How to make Simple and Flexible Charitable Donations
A donor advised fund can allow you to make donations in a way that will provide you with greater simplicity and flexibility in making charitable contributions. These funds allow you to contribute cash and various securities (including restricted stock), with the fund taking care of the transfer and record keeping for these securities in one location. Securities held for more than one year and contributed to the fund are deducted at their fair market value on the date of transfer, and no capital gains tax is imposed on the long-term appreciation of the securities. Your contributions are deductible in the year that you transfer the cash or securities to the fund, not when the contribution is made to the charity. Therefore, you can contribute property to the fund, take a tax deduction, and then have a contribution made to a charity at a later date. In addition, amounts contributed to the fund reduce your estate and the amount subject to estate tax.

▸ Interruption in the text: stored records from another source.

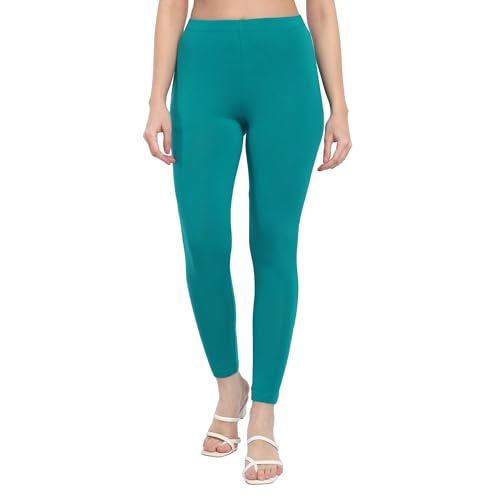 Image of ONE SKY Women Full Length Leggings | Cotton Modal Spandex Blend | High Waist Stretchable & Bio-Washed Fabric | Colour-Lock Technology | Comfortable Leggings for Women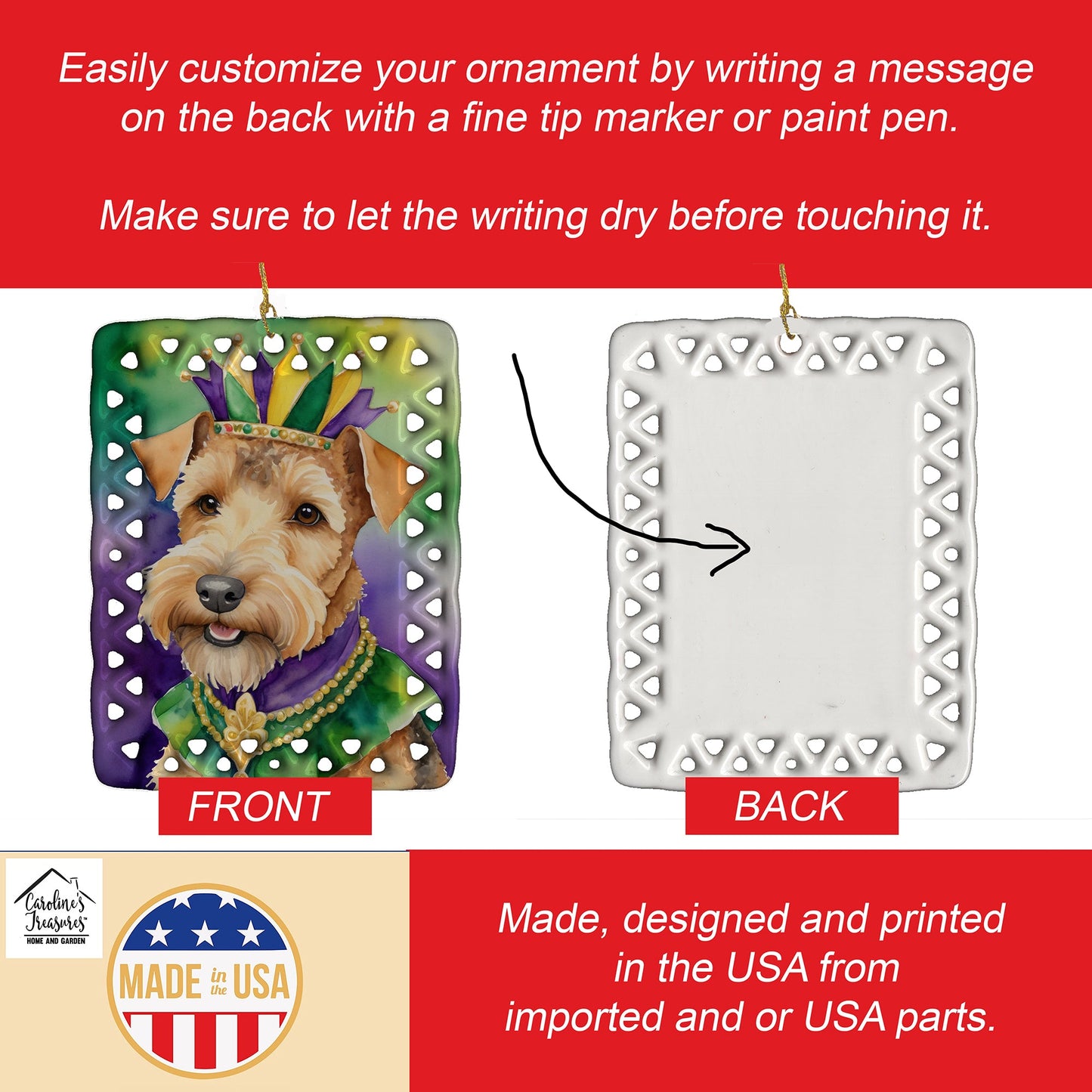 Lakeland Terrier King of Mardi Gras Porcelain Ornament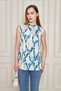 Women's Judge Collar Sleeveless Blouse - Abstract Pattern and Button Detail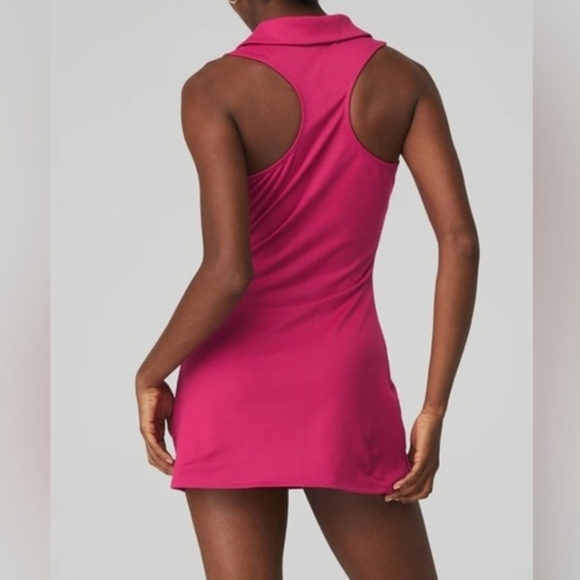 Alo Yoga Charmed Pink Tennis Sleeveless Polo Mini  Dress Size Small - Picture 7 of 16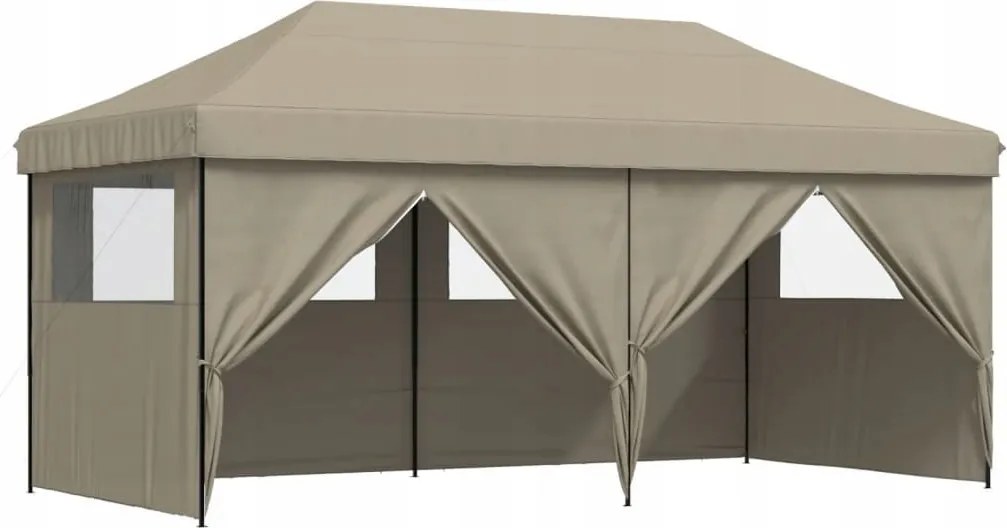 Kerti Sátor Pop-up party sátor 4 fallal 580x292x315 cm Taupe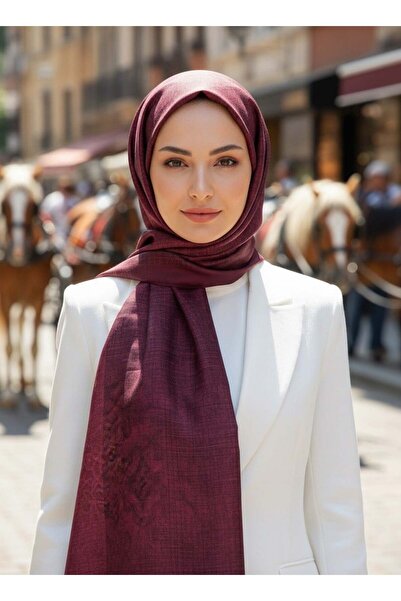 Vissona % 100 İpek Damask Desenli Bordo Renkli 90x210 Şal
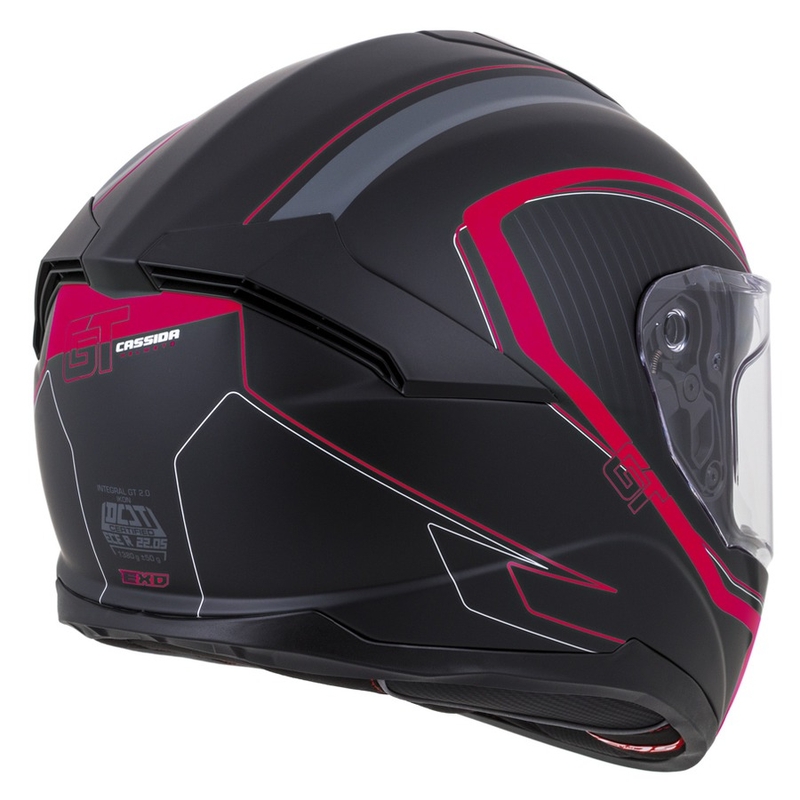 Cască integrală Cassida Integral GT 2.0 Reptyl negru-gri-fluo roșu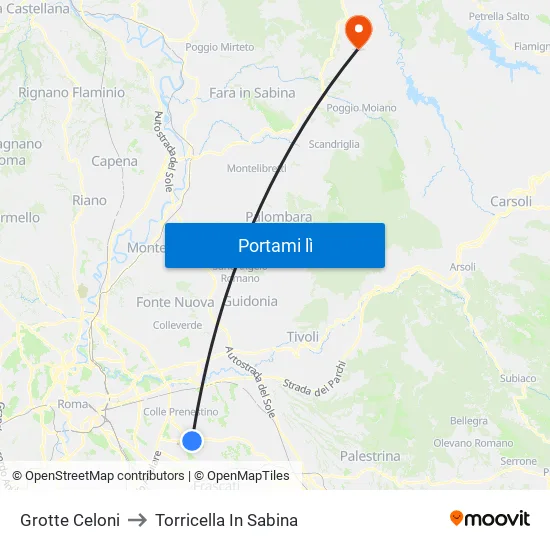 Grotte Celoni to Torricella In Sabina map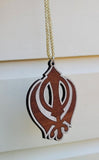 Wooden khanda car hanger punjabi sikh kaur stunning evil protection pendant ccc9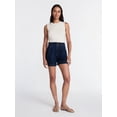 thumbnail image 3 of Time and Tru Women's High Rise Pleated Denim Shorts, 4.5" Inseam, Sizes 0-20, 3 of 6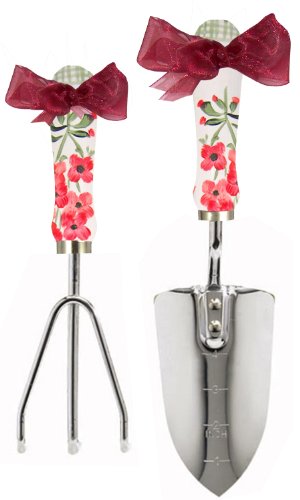Preisvergleich Produktbild CuteTools! Gartenschaufel aus Edelstahl mit DREI Zinken - Landschaftsinstrumente, handbemalter Holzgriff in den USA, langlebige Hof- und Gartengeräte Art for A Cause, Geranienrot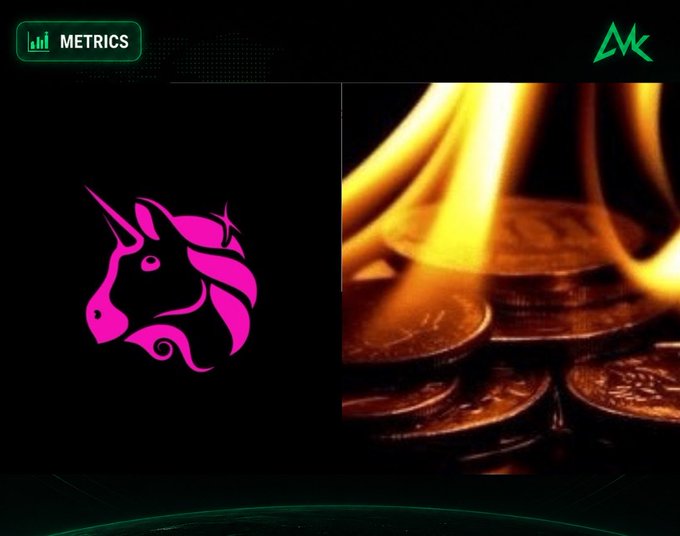 The image shows a pink unicorn logo next to a pile of coins with a golden glow, with a "METRICS" label in the top-left corner, visually representing Uniswap (UNI) reaching its all-time high daily burn value of approximately $590K.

Once a contribution is made to the fund, it is irrevocable and is owned and held by the fund. Contributions are not refundable. There are restrictions on what charities can receive the funds (no private foundations), and while you recommend the organization, it must be approved by the trustees of the fund. Upon contribution to the fund, additional earnings and appreciation of securities belong to the fund, income is added to your account, though no additional deduction is allowed. Remember that your charitable deduction is subject to certain limitations, cash contributions are limited to 50% of your adjusted gross income while contributions of securities are subject to a 30% limitation.